*** Opening of MATERIAL FOR THIS TASK ***

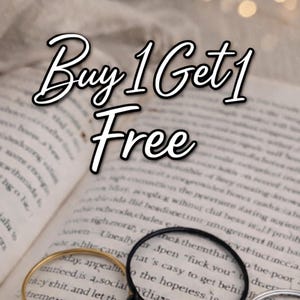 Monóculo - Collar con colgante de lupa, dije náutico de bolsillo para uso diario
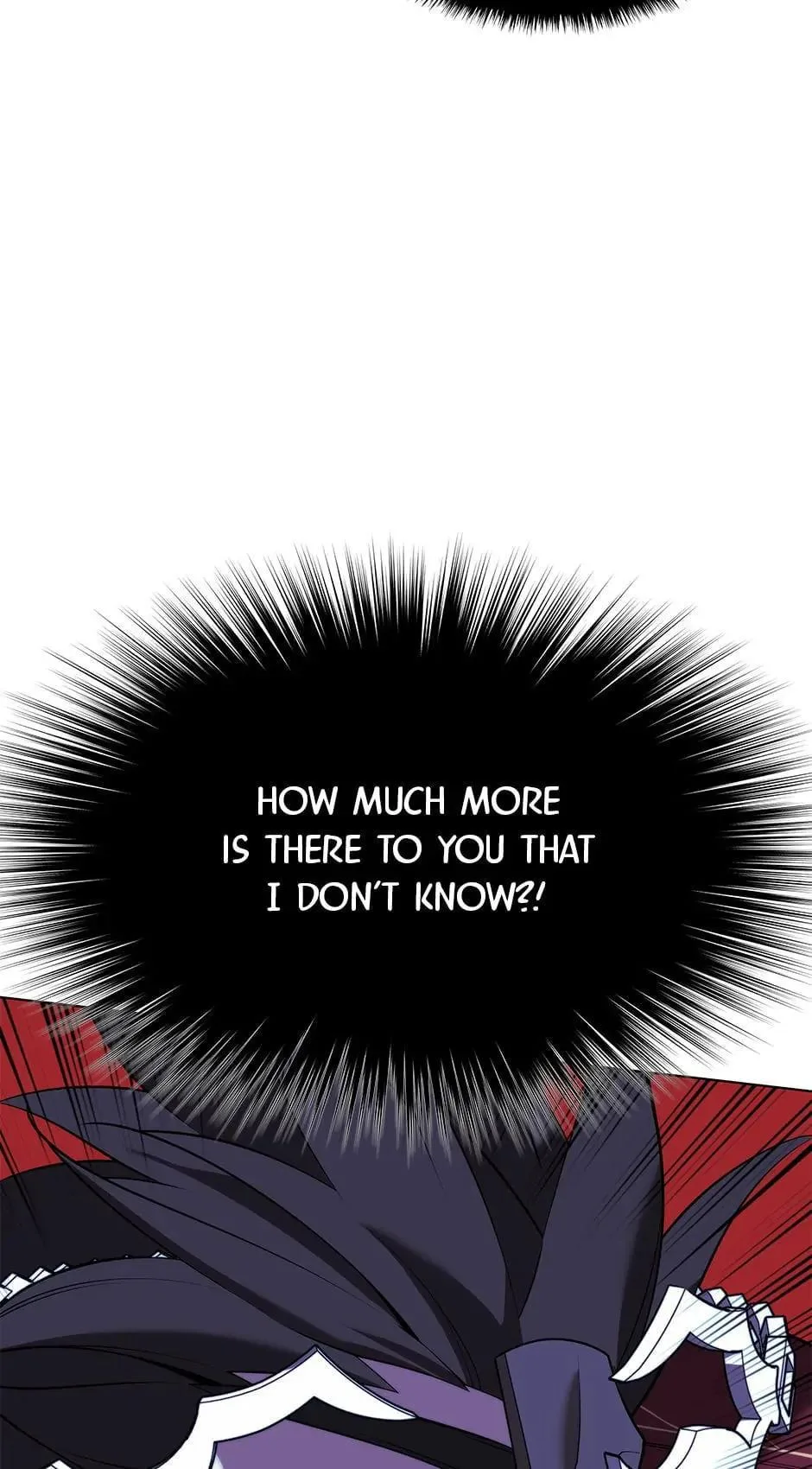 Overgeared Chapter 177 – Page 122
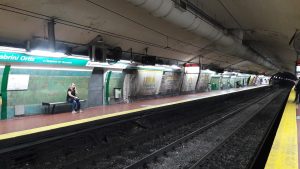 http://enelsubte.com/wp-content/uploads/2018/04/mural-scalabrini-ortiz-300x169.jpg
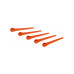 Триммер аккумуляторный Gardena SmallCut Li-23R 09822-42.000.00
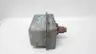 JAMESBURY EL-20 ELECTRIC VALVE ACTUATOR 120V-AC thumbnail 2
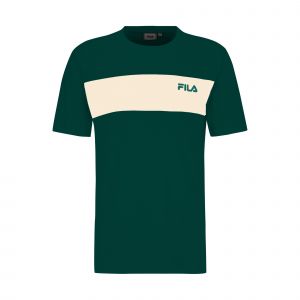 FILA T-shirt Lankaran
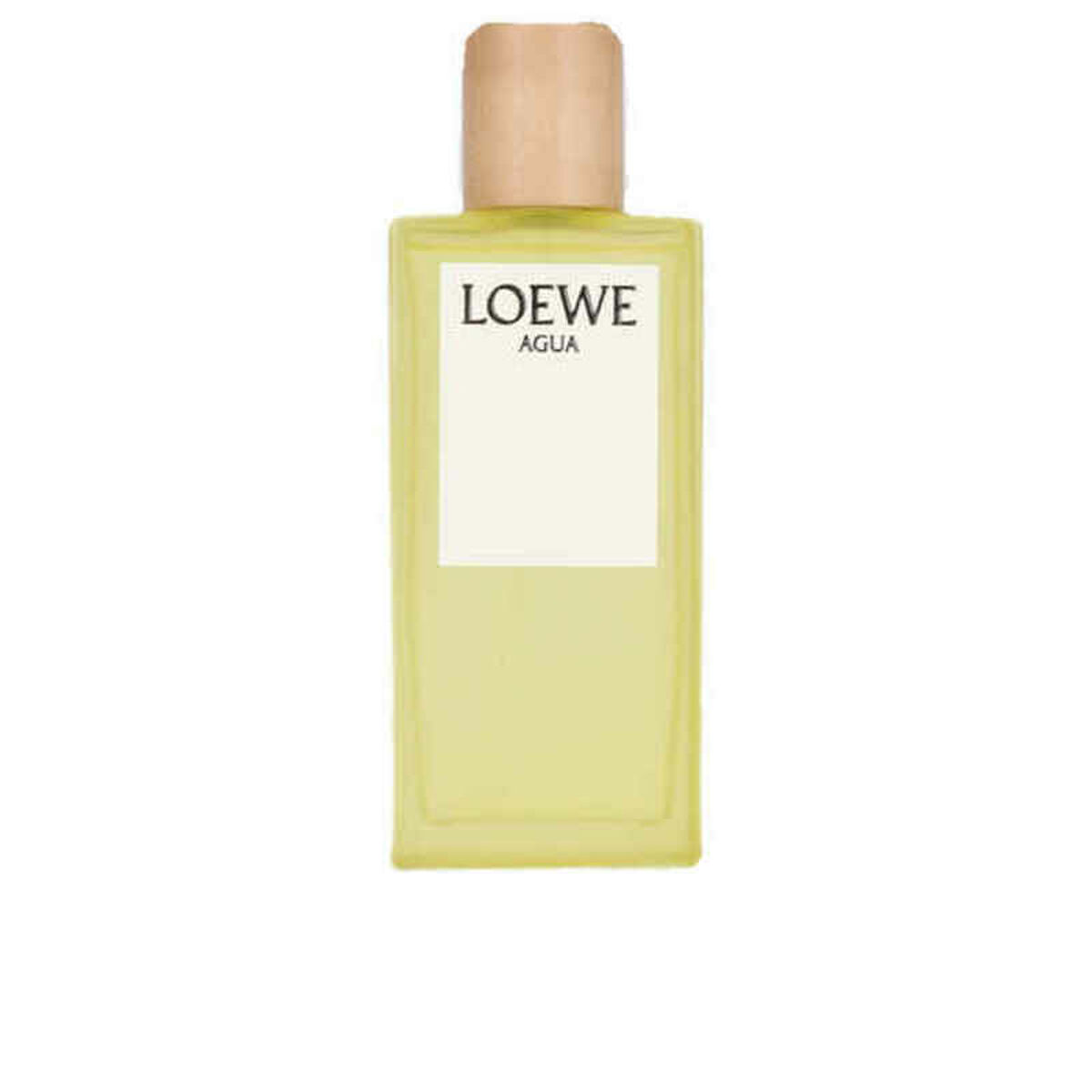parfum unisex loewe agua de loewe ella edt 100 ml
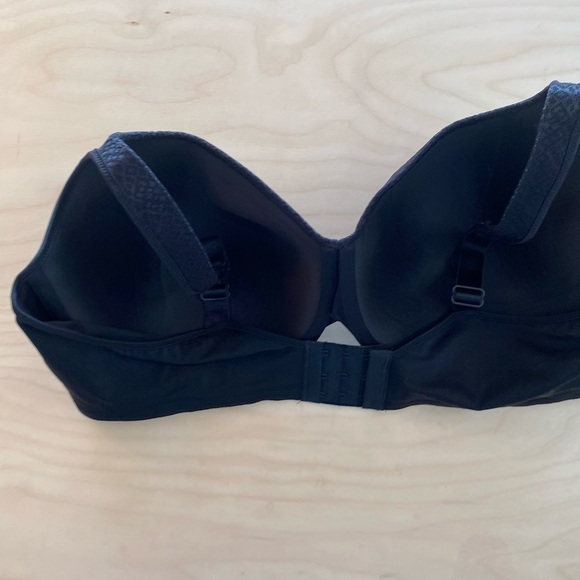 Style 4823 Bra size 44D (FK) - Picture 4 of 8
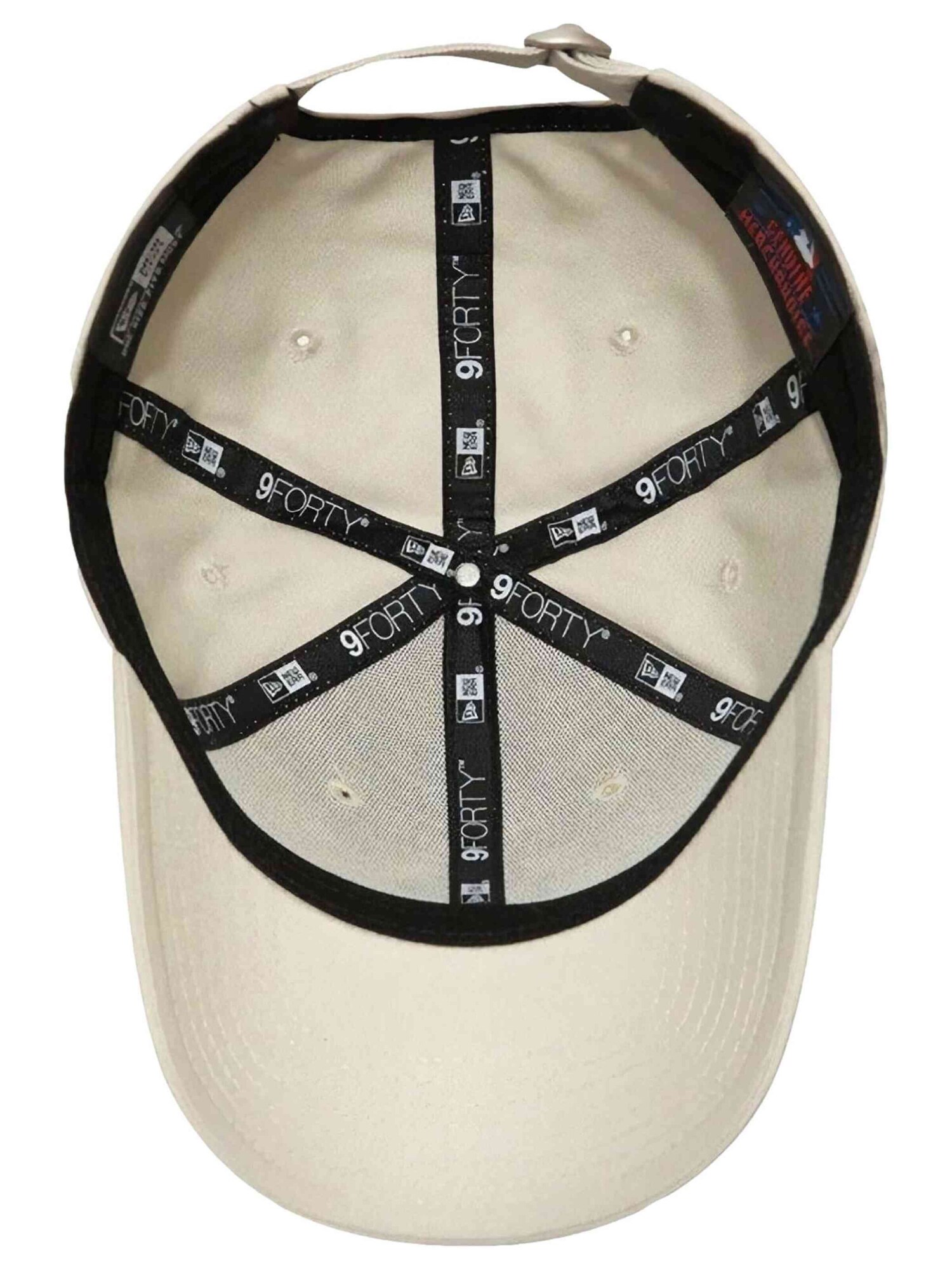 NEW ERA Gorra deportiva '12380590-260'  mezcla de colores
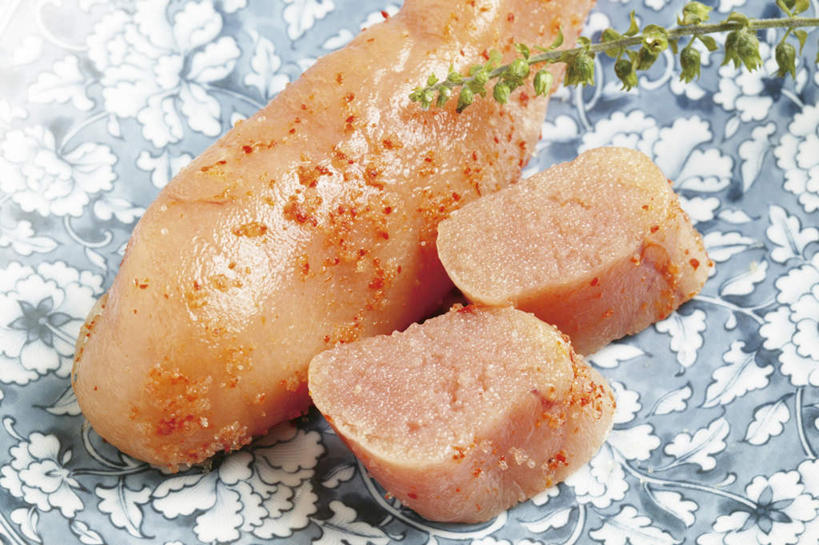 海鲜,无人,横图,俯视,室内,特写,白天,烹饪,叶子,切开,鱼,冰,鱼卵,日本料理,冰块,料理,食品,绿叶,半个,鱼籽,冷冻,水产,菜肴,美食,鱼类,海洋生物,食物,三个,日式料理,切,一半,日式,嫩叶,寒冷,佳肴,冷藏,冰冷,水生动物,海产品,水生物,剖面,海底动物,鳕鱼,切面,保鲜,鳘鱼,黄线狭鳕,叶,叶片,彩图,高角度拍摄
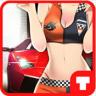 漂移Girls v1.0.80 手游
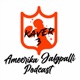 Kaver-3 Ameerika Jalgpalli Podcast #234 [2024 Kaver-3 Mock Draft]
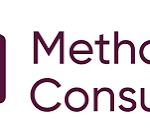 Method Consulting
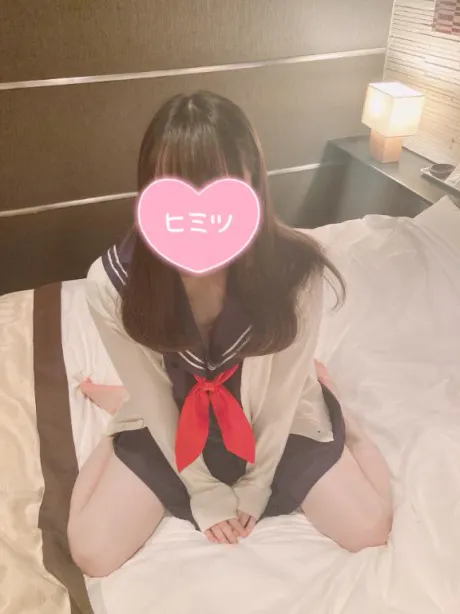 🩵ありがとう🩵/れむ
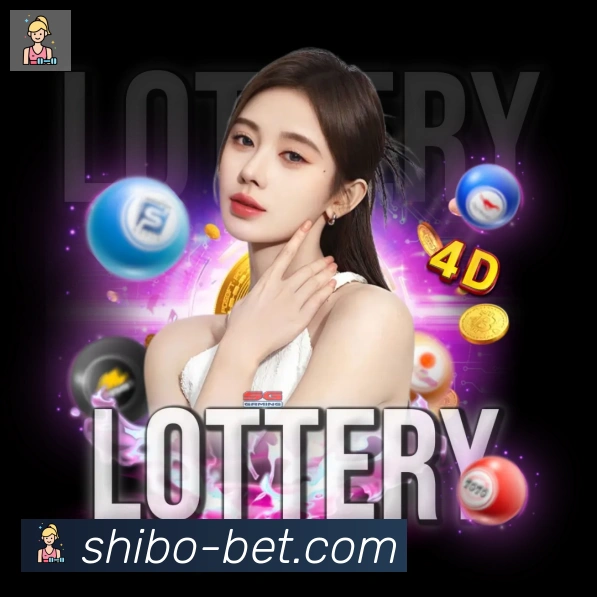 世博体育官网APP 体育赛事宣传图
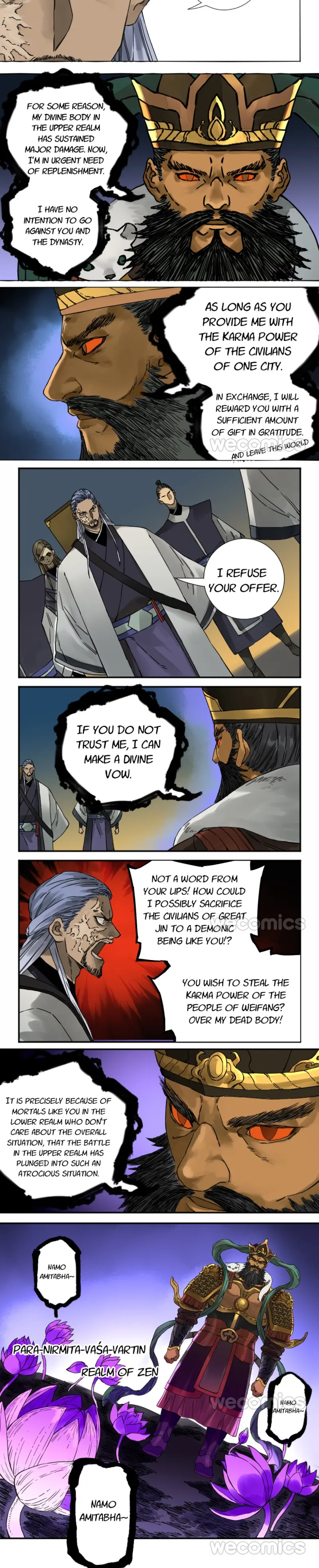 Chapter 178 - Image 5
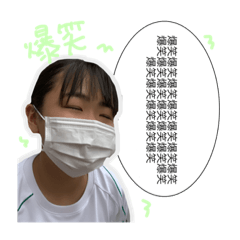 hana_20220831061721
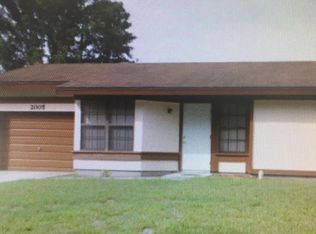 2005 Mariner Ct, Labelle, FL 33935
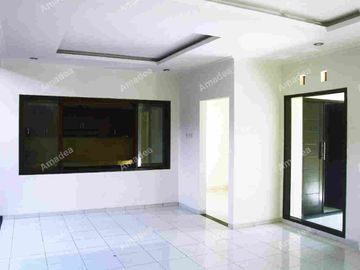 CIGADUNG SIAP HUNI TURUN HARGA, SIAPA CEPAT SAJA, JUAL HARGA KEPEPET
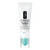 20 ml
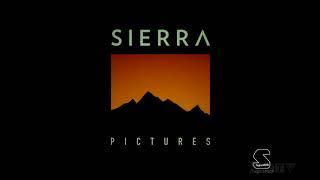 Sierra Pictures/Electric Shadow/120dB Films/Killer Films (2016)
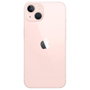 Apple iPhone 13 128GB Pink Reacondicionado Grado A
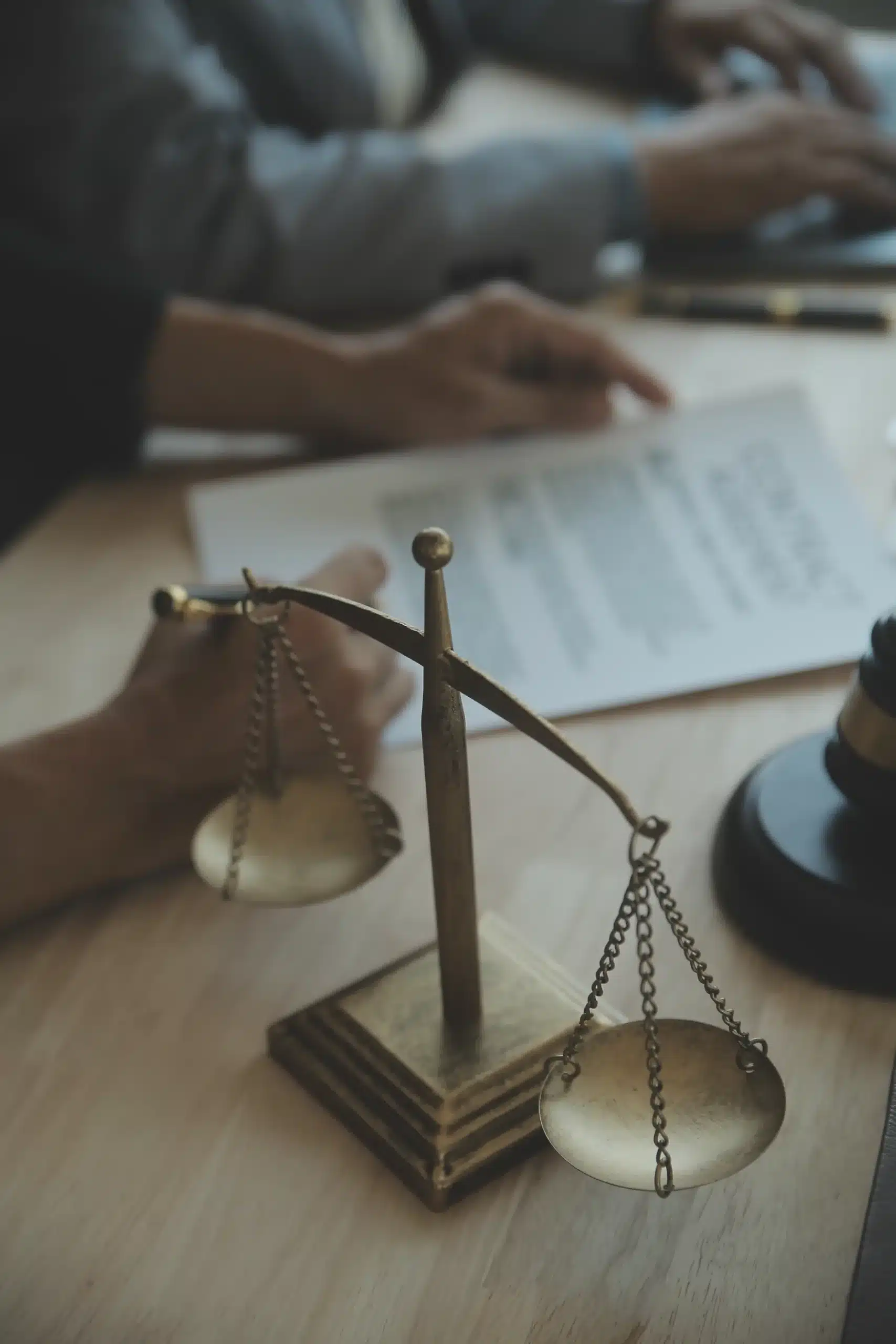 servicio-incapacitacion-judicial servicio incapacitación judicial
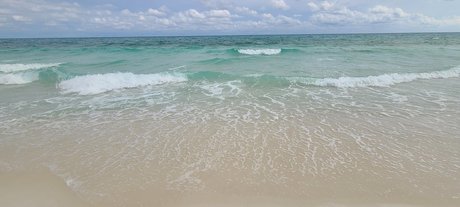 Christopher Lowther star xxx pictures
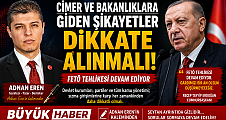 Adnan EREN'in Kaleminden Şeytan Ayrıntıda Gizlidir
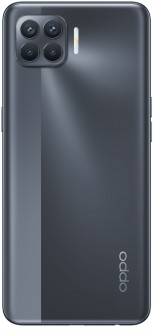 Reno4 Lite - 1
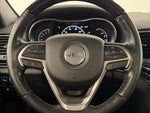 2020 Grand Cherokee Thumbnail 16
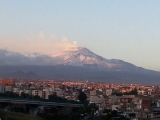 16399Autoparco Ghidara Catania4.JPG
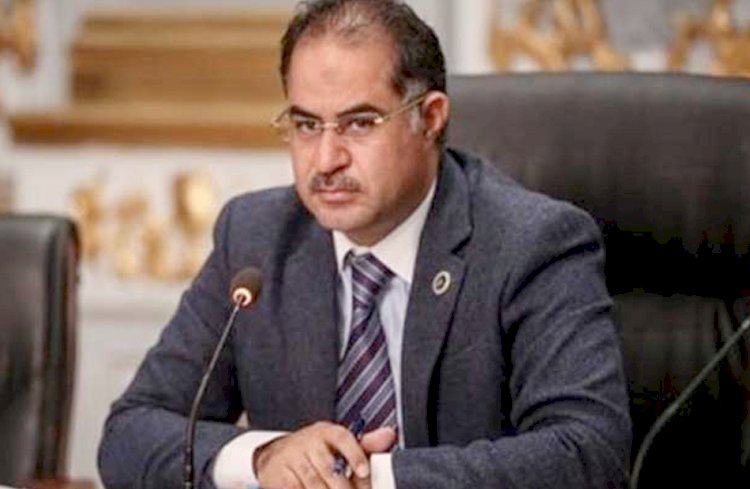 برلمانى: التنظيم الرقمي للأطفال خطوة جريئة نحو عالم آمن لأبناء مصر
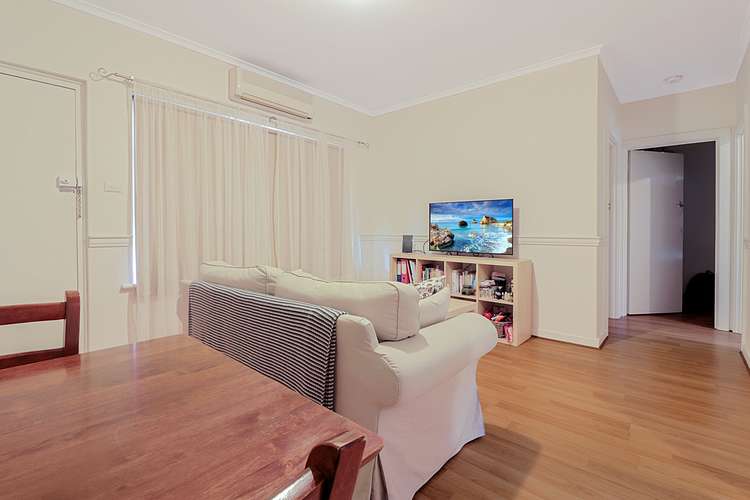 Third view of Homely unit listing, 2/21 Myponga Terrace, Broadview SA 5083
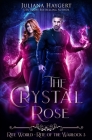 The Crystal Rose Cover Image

*** Close of MATERIAL FOR THIS TASK ***

§ **INSTRUCTIONS TO FOLLOW**
Nothing but the lines from the beginning of the material above through the line containing "Триммер аккумуляторный Gardena" should appear in the answer, copied exactly and free of pictures.

§ **ANSWER TO THIS EXERCISE**
 Monóculo - Collar con colgante de lupa, dije náutico de bolsillo para uso diario
 Overgeared Chapter 177 – Page 122
 http://enelsubte.com/wp-content/uploads/2018/04/mural-scalabrini-ortiz-300x169.jpg
 Триммер аккумуляторный Gardena SmallCut Li-23R 09822-42.000.00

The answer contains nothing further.